**ABOUT THIS EXERCISE:**
Copy each line of the entries that contains the word "Original".

**DATA SHOWN:**

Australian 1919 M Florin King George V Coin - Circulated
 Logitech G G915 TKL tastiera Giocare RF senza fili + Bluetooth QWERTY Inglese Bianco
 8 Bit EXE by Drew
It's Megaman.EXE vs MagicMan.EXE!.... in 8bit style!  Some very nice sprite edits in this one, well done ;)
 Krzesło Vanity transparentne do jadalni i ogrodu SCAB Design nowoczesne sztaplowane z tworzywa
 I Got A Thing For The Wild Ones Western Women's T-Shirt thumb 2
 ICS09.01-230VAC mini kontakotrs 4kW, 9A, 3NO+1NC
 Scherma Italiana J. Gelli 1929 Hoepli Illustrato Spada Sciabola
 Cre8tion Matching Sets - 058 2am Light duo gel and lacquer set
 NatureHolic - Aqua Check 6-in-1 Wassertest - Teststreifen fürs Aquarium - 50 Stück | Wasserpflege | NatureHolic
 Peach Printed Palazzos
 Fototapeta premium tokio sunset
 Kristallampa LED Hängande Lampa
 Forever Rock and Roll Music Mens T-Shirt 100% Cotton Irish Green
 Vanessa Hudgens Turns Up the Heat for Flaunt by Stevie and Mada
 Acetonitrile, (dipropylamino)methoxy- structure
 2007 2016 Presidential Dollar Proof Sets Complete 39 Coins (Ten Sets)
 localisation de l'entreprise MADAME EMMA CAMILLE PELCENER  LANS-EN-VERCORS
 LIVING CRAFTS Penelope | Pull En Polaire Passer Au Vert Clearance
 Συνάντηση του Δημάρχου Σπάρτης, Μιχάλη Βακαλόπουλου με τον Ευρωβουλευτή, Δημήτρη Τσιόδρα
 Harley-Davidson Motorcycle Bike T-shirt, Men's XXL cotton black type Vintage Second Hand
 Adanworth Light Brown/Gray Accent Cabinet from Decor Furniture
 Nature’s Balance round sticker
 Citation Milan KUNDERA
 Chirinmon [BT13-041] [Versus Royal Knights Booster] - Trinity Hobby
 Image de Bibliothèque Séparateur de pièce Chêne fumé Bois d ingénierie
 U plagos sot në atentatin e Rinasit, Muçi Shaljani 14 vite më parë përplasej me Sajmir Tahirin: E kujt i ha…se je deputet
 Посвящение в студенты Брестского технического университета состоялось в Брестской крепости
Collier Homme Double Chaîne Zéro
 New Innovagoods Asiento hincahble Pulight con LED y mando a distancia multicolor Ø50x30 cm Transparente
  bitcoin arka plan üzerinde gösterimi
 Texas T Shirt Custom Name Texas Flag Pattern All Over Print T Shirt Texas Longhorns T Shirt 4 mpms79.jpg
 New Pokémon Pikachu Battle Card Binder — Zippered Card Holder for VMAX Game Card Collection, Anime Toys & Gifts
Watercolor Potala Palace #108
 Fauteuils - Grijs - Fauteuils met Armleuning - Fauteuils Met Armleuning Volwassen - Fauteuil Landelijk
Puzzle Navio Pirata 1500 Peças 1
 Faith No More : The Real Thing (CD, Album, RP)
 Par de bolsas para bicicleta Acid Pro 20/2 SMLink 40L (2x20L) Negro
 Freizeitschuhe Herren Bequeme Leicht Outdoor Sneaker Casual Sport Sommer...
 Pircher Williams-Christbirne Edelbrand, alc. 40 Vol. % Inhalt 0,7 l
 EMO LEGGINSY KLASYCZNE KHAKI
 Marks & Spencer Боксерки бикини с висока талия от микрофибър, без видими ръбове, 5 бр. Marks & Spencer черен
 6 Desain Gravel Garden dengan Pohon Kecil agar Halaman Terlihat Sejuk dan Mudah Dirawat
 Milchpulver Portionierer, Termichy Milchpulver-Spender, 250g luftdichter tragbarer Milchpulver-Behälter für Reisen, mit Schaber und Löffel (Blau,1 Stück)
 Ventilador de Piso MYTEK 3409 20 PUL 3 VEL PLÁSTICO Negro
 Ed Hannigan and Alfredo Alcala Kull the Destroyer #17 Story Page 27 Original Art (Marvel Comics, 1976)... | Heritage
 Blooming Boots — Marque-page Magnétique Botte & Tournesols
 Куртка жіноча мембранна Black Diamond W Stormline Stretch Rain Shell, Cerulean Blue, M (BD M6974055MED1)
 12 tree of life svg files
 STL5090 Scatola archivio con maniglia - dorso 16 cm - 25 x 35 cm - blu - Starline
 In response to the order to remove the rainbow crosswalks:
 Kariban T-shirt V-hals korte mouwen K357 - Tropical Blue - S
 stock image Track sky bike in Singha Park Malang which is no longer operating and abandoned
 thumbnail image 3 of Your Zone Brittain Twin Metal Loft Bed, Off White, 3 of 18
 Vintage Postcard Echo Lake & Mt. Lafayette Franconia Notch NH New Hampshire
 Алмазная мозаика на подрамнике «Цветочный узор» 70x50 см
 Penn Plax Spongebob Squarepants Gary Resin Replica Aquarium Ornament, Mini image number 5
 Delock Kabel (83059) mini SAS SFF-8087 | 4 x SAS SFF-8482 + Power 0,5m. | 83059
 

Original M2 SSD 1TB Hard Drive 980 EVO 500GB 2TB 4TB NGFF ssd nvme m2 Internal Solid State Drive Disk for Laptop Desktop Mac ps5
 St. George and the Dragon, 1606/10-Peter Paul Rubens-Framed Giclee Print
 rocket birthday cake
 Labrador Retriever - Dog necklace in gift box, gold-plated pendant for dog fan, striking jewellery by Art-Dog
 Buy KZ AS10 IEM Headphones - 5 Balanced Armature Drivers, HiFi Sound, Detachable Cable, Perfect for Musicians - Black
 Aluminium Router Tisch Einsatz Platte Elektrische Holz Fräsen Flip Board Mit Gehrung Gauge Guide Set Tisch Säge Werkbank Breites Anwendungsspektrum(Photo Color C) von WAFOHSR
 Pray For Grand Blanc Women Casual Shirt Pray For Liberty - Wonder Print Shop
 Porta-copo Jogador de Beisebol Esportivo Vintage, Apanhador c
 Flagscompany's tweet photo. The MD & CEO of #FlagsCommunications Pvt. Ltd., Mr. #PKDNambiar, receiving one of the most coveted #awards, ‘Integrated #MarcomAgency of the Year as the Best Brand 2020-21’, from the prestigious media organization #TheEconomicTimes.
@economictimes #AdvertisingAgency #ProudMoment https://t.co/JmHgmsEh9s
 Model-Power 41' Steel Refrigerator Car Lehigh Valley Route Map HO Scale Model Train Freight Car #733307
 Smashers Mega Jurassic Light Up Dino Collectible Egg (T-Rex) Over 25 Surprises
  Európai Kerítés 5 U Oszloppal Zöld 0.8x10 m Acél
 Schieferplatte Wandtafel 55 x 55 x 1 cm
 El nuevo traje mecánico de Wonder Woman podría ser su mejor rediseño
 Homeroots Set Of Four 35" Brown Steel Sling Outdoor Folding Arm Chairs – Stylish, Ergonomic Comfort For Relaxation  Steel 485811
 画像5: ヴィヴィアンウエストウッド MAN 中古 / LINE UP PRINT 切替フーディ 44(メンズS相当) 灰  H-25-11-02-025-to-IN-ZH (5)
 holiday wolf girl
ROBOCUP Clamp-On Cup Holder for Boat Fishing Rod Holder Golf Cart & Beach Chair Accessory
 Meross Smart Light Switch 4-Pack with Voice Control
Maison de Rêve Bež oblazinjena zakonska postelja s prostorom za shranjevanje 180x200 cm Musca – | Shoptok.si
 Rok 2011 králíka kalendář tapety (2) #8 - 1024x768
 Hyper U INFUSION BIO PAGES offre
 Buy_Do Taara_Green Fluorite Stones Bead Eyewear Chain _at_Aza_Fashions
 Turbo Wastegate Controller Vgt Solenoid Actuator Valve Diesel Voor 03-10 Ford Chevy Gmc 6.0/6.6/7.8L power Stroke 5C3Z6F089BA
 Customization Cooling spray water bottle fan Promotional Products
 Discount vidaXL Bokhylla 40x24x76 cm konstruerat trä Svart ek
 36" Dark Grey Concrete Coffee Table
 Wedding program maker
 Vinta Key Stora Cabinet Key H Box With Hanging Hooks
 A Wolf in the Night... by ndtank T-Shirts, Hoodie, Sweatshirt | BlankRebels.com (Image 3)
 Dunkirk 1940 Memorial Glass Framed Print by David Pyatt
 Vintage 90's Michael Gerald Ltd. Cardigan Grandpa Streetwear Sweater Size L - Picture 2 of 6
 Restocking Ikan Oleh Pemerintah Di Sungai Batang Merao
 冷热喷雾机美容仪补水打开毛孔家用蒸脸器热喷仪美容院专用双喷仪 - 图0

**RESPONSE BELOW:**
 Ed Hannigan and Alfredo Alcala Kull the Destroyer #17 Story Page 27 Original Art (Marvel Comics, 1976)... | Heritage
Original M2 SSD 1TB Hard Drive 980 EVO 500GB 2TB 4TB NGFF ssd nvme m2 Internal Solid State Drive Disk for Laptop Desktop Mac ps5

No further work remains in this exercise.